Let $f$ be a continuous map from $X$ to $Y$ (with respect to their topologies). Let the equivalence relation ~ on $X$ be defined by: $x \sim y \iff f(x)=f(y)$ Then, $X/\sim$ is homeomorphic to $im(f)$ (equipped with the subspace topology).
A counterexample for the general case would be illuminating as well.
On
Take any set $M$ and any two topologies $\mathfrak{T}_1, \mathfrak{T}_2$ on $M$ such that $\mathfrak{T}_1$ is strictly finer than $\mathfrak{T}_2$. Let $X_i = (M, \mathfrak{T}_i)$. Then the identity $id : X_1 \to X_2$ is continuous, but not a homeomorphism. Obviously the quotient map $p : X_1 \to X_1/\sim$ is a homeomorphism and we have $im(id) = X_2$. Thus the canonical map $id' : X_1/\sim \phantom{.} \to im(id)$ is not a homeomorphism (not even if both topolopies are Hausdorff).
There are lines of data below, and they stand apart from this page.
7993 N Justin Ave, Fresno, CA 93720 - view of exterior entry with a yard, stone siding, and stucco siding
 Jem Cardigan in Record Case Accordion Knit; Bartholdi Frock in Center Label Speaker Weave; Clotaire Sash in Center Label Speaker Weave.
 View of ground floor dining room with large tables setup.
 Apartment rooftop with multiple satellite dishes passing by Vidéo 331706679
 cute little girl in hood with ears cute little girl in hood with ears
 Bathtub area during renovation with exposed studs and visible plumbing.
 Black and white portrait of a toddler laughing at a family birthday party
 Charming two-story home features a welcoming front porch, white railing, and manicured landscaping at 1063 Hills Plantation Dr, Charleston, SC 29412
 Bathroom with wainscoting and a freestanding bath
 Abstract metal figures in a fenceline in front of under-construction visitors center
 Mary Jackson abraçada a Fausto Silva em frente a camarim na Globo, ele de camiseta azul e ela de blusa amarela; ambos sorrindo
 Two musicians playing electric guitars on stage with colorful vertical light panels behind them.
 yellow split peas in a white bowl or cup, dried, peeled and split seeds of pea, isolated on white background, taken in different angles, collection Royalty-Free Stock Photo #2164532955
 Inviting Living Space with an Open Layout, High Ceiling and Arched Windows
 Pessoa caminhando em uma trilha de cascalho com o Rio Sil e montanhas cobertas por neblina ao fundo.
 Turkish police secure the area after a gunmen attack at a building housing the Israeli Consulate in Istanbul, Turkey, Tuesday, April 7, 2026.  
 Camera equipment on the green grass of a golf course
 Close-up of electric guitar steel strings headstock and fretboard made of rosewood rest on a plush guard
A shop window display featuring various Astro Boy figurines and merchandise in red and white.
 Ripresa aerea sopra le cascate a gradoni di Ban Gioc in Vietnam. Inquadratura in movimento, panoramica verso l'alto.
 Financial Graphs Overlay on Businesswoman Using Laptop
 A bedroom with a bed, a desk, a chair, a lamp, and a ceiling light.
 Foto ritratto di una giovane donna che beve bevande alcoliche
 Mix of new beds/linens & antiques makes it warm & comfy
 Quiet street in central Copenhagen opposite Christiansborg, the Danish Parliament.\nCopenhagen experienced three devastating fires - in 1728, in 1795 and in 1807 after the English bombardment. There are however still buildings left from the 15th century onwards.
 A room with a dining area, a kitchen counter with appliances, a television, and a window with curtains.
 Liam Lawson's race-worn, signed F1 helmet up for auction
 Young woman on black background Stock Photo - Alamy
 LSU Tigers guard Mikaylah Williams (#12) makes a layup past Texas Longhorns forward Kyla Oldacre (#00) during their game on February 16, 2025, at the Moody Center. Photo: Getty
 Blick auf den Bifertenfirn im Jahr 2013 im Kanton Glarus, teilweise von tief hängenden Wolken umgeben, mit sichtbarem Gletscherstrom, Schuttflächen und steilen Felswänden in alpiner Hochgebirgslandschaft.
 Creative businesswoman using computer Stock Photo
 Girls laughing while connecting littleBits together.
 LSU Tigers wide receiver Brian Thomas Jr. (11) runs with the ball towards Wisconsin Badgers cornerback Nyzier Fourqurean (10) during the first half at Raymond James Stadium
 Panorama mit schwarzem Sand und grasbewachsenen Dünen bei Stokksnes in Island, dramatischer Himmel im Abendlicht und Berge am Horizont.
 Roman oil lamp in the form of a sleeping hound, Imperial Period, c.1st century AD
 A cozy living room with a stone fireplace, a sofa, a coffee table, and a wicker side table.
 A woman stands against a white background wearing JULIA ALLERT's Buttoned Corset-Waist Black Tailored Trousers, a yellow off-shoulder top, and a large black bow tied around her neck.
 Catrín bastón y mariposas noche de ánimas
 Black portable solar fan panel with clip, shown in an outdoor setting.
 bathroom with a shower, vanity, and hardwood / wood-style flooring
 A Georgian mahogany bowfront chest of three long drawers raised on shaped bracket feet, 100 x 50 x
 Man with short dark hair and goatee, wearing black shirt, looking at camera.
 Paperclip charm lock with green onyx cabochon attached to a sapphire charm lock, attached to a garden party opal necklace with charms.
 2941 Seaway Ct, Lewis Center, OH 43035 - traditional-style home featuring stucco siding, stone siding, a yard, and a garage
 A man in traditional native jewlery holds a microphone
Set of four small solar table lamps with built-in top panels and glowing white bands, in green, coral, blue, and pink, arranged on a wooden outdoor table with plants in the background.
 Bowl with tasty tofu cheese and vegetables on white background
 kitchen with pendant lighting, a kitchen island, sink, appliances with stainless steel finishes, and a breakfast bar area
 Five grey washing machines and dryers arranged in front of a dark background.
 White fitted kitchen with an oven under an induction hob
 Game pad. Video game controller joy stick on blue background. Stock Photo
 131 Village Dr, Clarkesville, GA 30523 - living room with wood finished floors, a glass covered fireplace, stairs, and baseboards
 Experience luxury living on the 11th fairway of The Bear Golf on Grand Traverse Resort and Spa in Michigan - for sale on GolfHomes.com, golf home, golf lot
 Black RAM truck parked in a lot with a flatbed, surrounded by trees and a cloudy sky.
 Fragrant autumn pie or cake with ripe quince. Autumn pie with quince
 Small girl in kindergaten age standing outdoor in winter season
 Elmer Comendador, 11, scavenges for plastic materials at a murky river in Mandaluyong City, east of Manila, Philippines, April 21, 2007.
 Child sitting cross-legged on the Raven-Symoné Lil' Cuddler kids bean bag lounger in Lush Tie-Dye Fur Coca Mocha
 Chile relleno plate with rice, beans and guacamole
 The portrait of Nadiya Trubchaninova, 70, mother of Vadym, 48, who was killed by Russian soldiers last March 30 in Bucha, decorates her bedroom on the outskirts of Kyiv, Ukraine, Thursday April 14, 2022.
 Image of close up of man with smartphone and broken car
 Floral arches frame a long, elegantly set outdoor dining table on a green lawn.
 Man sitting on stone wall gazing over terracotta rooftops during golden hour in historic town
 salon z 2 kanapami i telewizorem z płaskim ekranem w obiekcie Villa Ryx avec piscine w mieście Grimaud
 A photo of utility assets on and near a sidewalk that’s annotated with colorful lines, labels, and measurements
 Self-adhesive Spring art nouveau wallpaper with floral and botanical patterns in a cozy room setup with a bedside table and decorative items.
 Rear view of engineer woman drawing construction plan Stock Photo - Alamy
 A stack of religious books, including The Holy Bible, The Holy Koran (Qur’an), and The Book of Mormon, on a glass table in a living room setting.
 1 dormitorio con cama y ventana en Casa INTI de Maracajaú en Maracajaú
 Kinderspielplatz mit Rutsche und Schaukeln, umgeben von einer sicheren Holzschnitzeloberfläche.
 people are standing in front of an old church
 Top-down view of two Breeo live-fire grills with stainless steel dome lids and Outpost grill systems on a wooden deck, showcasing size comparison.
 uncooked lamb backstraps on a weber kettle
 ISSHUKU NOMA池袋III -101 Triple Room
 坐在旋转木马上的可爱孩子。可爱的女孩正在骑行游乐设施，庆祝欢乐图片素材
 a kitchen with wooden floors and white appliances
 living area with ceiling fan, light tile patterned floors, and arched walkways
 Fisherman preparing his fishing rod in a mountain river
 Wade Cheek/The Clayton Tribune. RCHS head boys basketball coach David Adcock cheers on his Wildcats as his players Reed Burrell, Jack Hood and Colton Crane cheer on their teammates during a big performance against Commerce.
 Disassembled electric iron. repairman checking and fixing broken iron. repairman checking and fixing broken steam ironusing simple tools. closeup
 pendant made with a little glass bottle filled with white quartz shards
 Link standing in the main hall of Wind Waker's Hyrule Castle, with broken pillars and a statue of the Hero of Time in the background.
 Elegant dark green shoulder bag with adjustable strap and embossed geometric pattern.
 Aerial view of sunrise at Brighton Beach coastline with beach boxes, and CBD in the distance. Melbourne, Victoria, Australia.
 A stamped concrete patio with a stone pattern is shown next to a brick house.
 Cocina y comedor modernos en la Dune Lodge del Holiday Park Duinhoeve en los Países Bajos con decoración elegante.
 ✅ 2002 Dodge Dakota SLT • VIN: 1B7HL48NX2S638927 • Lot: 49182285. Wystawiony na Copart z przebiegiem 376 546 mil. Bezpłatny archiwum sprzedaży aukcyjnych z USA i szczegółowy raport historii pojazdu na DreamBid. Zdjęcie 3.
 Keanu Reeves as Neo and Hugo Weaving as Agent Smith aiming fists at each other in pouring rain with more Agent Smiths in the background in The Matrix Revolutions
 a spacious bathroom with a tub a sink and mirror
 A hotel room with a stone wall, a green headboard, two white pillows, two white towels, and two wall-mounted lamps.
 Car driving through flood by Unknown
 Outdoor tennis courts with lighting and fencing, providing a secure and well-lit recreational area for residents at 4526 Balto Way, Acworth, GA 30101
I doubt that you will find "minimal" conditions assuring that the induced $f' : X/\sim \phantom{.} \to im(f)$ is a homeomorphism. In fact, the above example shows that not even for continuos bijections we have convincing minimal conditions.
See this answer. Qiaochu Yuan states that this does not hold in general, but it does hold when both $X$ and $Y$ are Hausdorff.